Well, first of all, it’s a completely evolving concept, so what Big Ears was in 2009, it was different in 2010, and it continues to be different each year. It evolves—it’s tempting to say with a mind of its own, but it’s certainly with a lot of different influences, both internal and external, and a lot of it involves exploiting connections that lead to unexpected places.

I would say that the initial idea was to cross genres, to explore the different ways in which music influences different genres—classical might influence rock, or draw influence from folk music or jazz or international musics of different kinds. … Most music festivals tend to just focus on a genre. It’s a bluegrass festival, there’s a lot of bluegrass there. They may play around with some folk music and some singer-songwriters, but it’s mostly bluegrass. Jazz festival, mostly jazz, rock festival, mostly rock music.

For me, it seemed interesting to try a different organizational strategy, which I think is more like a film festival. You go to a film festival and you get to see all sorts of different types of films—experimental films, blockbuster films, revered directors, new up-and-coming directors. … Nobody goes to a film festival expecting to see just detective movies. It’s not genre-based; it’s about the art form of film. …

Were there any specific models that you borrowed ideas from—other festivals or events?
I think I borrowed some of the concepts from the more cutting-edge avant-garde music festivals in Europe—maybe a little bit from All Tomorrow’s Parties, which had a pretty broad range that it would pull in, the Sónar festival in Barcelona. Yeah, there were some models. I would say Sónar and All Tomorrow’s Parties were certainly an influence, along with some very avant-garde festivals like Punkt, in Norway, and the Moers Festival, which was a legendary free-jazz festival and it’s changed in recent years into something not unlike Big Ears. So all of those festivals were encouragements in the sense of, let’s think outside the box here and try something new.

One thing that people continue to comment on is that fact that Big Ears is held here in Knoxville. I think it surprises a lot of people. But it seems like the fact that it’s here is essential to the festival, the character of it and how it works.
I think its location in Knoxville is very important, for several different reasons—first and foremost because Knoxville actually provides a great community and a great downtown experience that really helps to nurture the festival along. The venues are fantastic, everything’s within walking distance, there are now great restaurants, great shops, the hotels are all downtown.

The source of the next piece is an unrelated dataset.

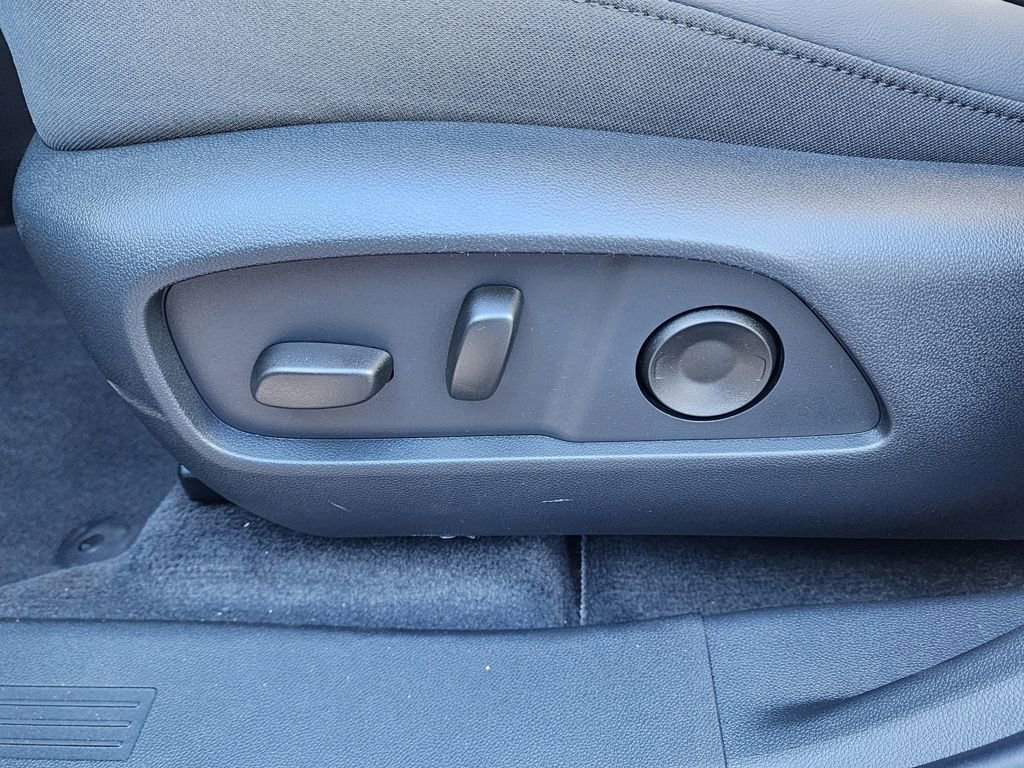 New 2026 GMC Terrain Elevation w/ Elevation Premium Package AWD/4WD image 16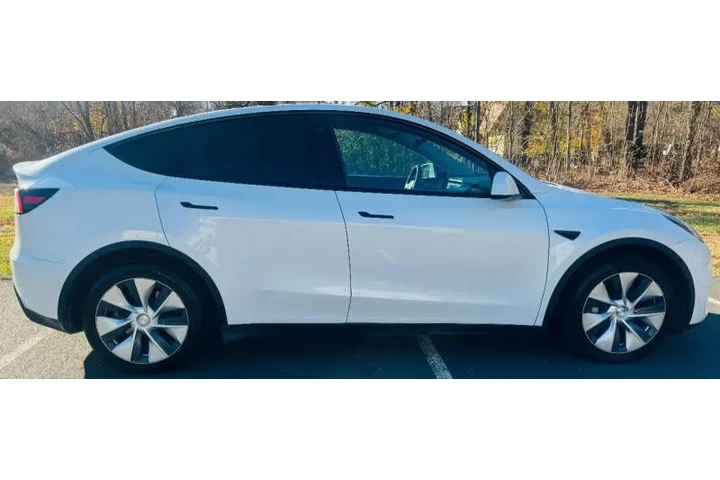 $33000 : 2021 Model Y Long Range image 5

The furthest walk is maybe 15 minutes, and that’s if you’re walking at a pretty leisurely pace. Many of the venues are only two or three minutes from each other, so you can be in different venues and you can be indoors but you don’t lose the festival experience, which I would characterize as people coming together for a common reason. I think the minute you have to get in a car and drive somewhere you start to lose an element of that. …

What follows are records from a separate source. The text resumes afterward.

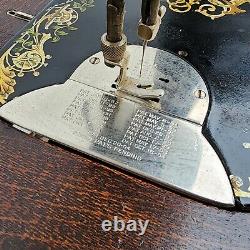Antique La table en bois de la machine à coudre standard + outils/pièces/clé de tourne en français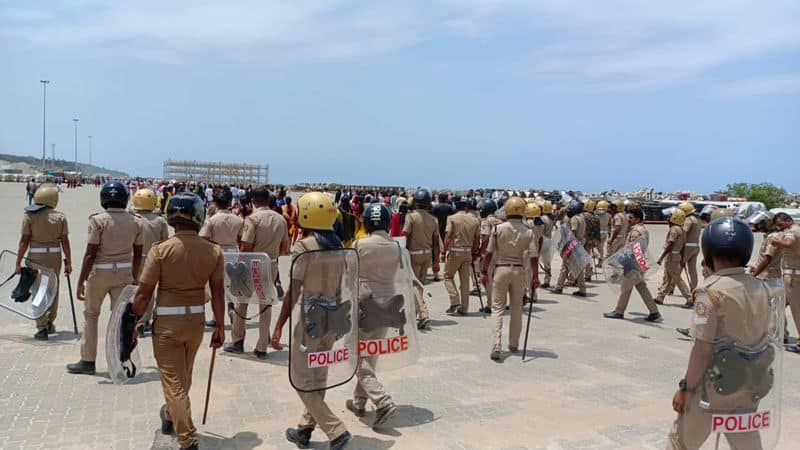 fishermen protests against Vizhinjam port contracted to Adani group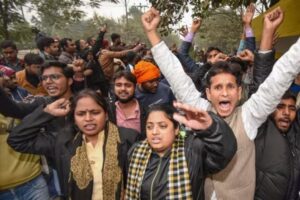 Students protest against BPSC:  پٹنہ میں پھر ہنگامہ-وزیراعلیٰ کی رہائش گاہ تک مارچ کرنا چاہتے تھے طلباء، پولیس نے روکا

But beyond that, I think the unexpected nature also is a plus, because it gives the festival a certain profile and a certain relief that it wouldn’t have if it was where everybody expects it to be. If it’s in New York, it just gets completely consumed by the cultural landscape. In New York, there’s a million things going on, so people will hear about the festival and they’re like, of course this is going on in New York. Everything is going on in New York.

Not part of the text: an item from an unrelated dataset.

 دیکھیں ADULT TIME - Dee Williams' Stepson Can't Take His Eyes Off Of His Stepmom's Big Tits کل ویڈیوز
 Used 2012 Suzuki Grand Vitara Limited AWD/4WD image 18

And similarly, San Francisco, Los Angeles—great cities, I love them, but it’s more and more and more difficult to capture that spark that makes an experience like this stand apart from all others. So I think being in Knoxville has mostly been a positive. Now, there are people who are like, ah, I don’t want to go to Knoxville—until they come. And then when they come, they can’t wait to come back. So one of the beautiful things about Big Ears is the repeat visitors. Once people get sucked into the experience, they’re usually eager to return.

Last year, the entertainment conglomerate Live Nation bought a majority interest in AC Entertainment. What’s that going to mean for Big Ears?
Well, Big Ears is not part of that acquisition, for starters. Big Ears became a 501(c)(3), so it’s a nonprofit organization. … Big Ears has an operational agreement with AC Entertainment, so AC Entertainment’s going to continue to do the nuts and bolts production and execution of the event for the foreseeable future. But Big Ears has the ability to stand on its own and continue into the future as a 501(c)(3).

This is the first year that Big Ears hasn’t had a composer or artist in residence at the top of the lineup. Why the change, and what does that mean for the programming?
Well, I would argue that we’ve got several composers in residence and therefore it became difficult to use the designation. We have Gavin Bryars—there are four concerts of Gavin Bryar’s music during the course of the weekend, and in a sense—in the traditional sense—he is the composer in residence.

But we also have Carla Bley doing two performances. We have Meredith Monk doing two performances, and we have composers like Jóhann Jóhannsson coming and doing a concert, and Henry Threadgill, who is a composer and won the Pulitzer Prize for music last year. It started to seem more awkward than it was useful, so this year I decided simply not to go there.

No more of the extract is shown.